══ Task data ══

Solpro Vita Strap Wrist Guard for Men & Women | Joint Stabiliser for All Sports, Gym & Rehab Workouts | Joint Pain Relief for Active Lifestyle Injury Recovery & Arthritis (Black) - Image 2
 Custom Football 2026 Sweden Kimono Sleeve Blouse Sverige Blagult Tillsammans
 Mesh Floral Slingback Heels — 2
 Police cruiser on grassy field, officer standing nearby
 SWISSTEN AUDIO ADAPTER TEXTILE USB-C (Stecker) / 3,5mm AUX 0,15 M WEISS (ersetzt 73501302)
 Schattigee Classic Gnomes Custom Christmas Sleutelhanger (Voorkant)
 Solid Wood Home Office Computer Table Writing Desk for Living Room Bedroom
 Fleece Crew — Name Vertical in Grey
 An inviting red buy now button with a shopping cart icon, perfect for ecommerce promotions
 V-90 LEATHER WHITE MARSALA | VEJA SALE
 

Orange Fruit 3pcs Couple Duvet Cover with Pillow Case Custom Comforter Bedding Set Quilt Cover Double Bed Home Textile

═══

— What you have to do —
Starting with the line that contains "SWISSTEN AUDIO ADAPTER", write out each line through the end of the listing, exactly as it appears, and include nothing else.

— Your response —
 SWISSTEN AUDIO ADAPTER TEXTILE USB-C (Stecker) / 3,5mm AUX 0,15 M WEISS (ersetzt 73501302)
 Schattigee Classic Gnomes Custom Christmas Sleutelhanger (Voorkant)
 Solid Wood Home Office Computer Table Writing Desk for Living Room Bedroom
 Fleece Crew — Name Vertical in Grey
 An inviting red buy now button with a shopping cart icon, perfect for ecommerce promotions
 V-90 LEATHER WHITE MARSALA | VEJA SALE
 

Orange Fruit 3pcs Couple Duvet Cover with Pillow Case Custom Comforter Bedding Set Quilt Cover Double Bed Home Textile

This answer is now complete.